Businesses can benefit greatly from using non-compete agreements. These types of agreements prevent employees from leaving their employer to work for a competitor or forming their own business and taking a company’s customers with them.

There are a few things that may make a non-compete agreement unenforceable. Here are a couple of the most common reasons why an agreement may be invalid.

Lack of consideration

All types of contracts must have some form of consideration. In general, consideration is what one party gets for agreeing to something. If a non-compete agreement identifies something such as special training or an interest in a company as consideration but the party bound by the agreement did not actually receive what it described, he or she may have grounds to challenge enforcement.

Overreach

Typically, non-compete agreements must not be too broad in how they attempt to restrict another person’s activities. For example, an agreement that does not limit a person from competing with a business within a specific geographic area may be overly broad. Likewise, an agreement that prevents a person from working for another business indefinitely rather than during a set timeframe may not be enforceable.

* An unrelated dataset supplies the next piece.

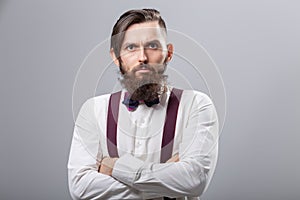 People, fashion and style concept - close-up portrait of young hipster on grey background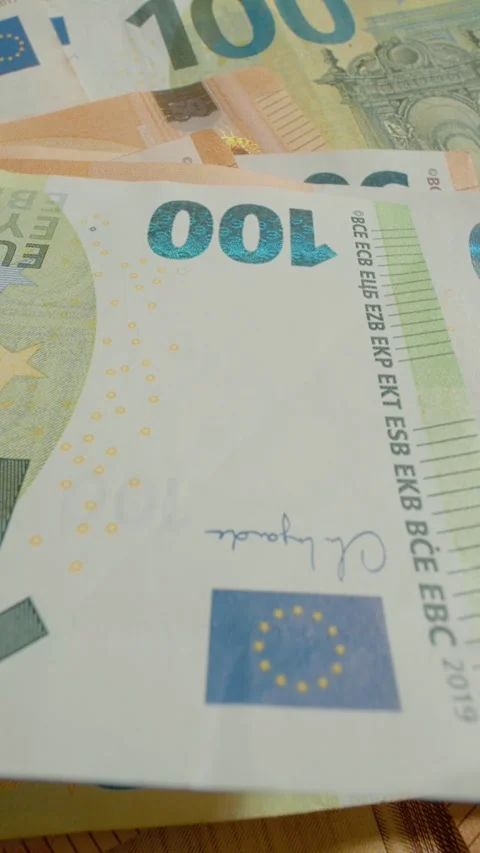 Vertical video Counting Euro banknotes in macro detail with close-up inspection Stock Footage 327596898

Ultimately, non-compete agreements should serve the goal of protecting businesses’ interests against the loss of trade secrets or losing customers. They are not meant to create unreasonable restraints on trade and commerce or facilitate monopolies within a particular industry. Businesses should use discretion when deciding what types of non-compete agreements to use, and employees should be sure that they fully understand the terms of a non-compete before agreeing to it.